The McGraw-Hill Computer Desktop Encyclopedia defines
the term as, "a proposed high-speed communications system that was
touted by the Clinton/Gore administration to enhance education in
America in the 21st Century. Its purpose was to help all citizens
regardless of their income level. The Internet was originally cited
as a model for this superhighway; however, with the explosion of
the World Wide
Web, the Internet became the information superhighway"
(464).
The Oxford English
Dictionary (OED) defines the term as "a route or network
for the high-speed transfer of information; esp. (a) a proposed
national fiber-optic network in the United States; (b) the Internet." The OED also cites
usage of this term in three periodicals:
- 1964, M. Brotherton.

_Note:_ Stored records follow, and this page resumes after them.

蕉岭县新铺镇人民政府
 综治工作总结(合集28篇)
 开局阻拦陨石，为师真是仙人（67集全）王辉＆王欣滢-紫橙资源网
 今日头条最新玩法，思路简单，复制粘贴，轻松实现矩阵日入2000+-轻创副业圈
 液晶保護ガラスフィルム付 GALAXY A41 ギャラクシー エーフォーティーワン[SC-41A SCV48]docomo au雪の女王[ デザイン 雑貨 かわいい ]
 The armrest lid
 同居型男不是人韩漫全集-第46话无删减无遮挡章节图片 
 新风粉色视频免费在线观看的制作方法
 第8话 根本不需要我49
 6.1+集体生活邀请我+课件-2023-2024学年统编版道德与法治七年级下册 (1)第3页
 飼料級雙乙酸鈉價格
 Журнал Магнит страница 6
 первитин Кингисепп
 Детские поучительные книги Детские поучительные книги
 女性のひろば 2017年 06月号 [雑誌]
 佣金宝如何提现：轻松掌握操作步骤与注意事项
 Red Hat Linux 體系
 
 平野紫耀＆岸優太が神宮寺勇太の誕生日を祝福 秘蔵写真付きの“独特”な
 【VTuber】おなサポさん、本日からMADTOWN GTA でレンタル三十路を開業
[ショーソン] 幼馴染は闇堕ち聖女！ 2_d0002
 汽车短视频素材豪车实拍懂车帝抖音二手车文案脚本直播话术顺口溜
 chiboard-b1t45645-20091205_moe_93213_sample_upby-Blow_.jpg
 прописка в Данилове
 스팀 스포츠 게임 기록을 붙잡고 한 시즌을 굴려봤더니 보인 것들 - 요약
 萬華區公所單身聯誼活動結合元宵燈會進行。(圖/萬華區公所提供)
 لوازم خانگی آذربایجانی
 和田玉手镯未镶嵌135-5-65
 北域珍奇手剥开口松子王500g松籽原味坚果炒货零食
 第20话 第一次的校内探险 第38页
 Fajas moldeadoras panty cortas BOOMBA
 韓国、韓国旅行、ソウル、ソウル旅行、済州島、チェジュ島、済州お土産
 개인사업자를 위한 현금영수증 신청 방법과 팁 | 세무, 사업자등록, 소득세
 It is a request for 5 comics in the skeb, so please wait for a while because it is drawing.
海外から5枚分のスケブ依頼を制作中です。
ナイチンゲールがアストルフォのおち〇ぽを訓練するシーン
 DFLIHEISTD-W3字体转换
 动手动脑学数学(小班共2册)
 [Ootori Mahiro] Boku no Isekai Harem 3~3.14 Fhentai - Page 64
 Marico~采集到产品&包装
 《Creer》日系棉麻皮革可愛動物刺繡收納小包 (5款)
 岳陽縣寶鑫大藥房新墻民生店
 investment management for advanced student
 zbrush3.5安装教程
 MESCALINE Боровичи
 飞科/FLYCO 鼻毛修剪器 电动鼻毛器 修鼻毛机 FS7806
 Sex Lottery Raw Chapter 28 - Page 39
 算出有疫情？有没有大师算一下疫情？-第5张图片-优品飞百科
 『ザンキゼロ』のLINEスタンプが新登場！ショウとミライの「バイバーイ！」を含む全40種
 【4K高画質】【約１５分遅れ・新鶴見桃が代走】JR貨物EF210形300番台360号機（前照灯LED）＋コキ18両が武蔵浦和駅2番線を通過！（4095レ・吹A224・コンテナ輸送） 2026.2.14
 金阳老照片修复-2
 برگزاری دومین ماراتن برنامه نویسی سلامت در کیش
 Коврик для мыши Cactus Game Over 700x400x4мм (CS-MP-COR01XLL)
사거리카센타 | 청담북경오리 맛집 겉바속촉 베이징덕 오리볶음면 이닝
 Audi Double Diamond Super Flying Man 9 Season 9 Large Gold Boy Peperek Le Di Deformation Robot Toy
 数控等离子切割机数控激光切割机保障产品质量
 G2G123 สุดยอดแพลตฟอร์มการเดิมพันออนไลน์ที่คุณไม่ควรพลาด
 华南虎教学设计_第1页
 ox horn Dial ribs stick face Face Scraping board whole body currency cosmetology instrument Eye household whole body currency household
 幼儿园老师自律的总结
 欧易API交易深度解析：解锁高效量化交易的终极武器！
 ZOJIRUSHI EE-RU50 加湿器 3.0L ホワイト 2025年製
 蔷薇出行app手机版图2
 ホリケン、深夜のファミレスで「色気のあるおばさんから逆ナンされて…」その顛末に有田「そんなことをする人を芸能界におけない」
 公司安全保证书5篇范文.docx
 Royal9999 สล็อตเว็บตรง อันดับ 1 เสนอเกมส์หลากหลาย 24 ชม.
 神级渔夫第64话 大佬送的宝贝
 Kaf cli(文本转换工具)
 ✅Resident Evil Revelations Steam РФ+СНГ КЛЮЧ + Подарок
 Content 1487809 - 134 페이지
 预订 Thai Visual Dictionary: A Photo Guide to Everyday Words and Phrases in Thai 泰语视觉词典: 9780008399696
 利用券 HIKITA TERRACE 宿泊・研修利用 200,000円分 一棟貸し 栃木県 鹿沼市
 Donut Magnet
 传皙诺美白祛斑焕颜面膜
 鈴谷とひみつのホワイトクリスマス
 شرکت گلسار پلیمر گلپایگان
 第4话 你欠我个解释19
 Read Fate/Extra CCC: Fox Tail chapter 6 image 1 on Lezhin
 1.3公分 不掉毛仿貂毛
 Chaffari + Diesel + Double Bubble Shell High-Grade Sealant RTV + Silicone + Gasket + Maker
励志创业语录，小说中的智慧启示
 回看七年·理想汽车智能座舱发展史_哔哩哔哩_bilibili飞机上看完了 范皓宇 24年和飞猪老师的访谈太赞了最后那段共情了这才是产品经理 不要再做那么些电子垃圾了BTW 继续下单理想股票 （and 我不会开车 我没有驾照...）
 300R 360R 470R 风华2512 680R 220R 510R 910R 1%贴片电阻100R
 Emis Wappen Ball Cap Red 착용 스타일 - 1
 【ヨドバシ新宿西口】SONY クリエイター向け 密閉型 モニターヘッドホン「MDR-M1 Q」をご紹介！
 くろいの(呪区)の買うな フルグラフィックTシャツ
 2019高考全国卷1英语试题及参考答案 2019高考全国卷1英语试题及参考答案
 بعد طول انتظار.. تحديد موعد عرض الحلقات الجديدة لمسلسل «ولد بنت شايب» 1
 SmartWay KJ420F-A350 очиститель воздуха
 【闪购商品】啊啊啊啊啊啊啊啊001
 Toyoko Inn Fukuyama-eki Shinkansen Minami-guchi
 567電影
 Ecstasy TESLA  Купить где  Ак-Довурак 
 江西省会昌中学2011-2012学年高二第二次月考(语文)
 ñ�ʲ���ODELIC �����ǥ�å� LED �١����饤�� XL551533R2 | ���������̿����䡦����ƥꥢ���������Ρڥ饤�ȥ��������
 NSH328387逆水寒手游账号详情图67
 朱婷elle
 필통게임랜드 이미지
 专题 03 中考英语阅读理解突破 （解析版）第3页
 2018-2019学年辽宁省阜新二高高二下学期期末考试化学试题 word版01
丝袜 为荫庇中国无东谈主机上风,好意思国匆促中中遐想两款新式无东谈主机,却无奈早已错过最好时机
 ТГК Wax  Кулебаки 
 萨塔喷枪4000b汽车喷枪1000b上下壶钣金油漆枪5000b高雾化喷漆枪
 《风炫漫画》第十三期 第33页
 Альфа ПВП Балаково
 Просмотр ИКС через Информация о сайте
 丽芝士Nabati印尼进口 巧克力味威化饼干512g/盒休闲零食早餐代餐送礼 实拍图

The McGraw-Hill Book Company published,
"Masers and Lasers; How They Work, What They Do." On Page 5,
Brotherton writes about laser beams and uses the term
"superhighways" for communication.
- the January 3, 1983 issue of Newsweek: "...information superhighways
being built of fiber-optic cable will link Boston, New York,
Philadelphia, and Washington, D. C. in a 776-mile system on the
East Coast."
- the December 19, 1991 issue of the Christian Science Monitor: "Senator
Gore calls NREN the "information superhighway" - a
catalyst for what he hopes will become one day a national
fiber-optic network."
- the October 26, 1993 issue of the New York Times:
"One of the technologies Vice President Al Gore is pushing is the
information superhighway, which will link everyone at home or
office to everything else—movies and television shows, shopping
services, electronic mail and huge collections of data."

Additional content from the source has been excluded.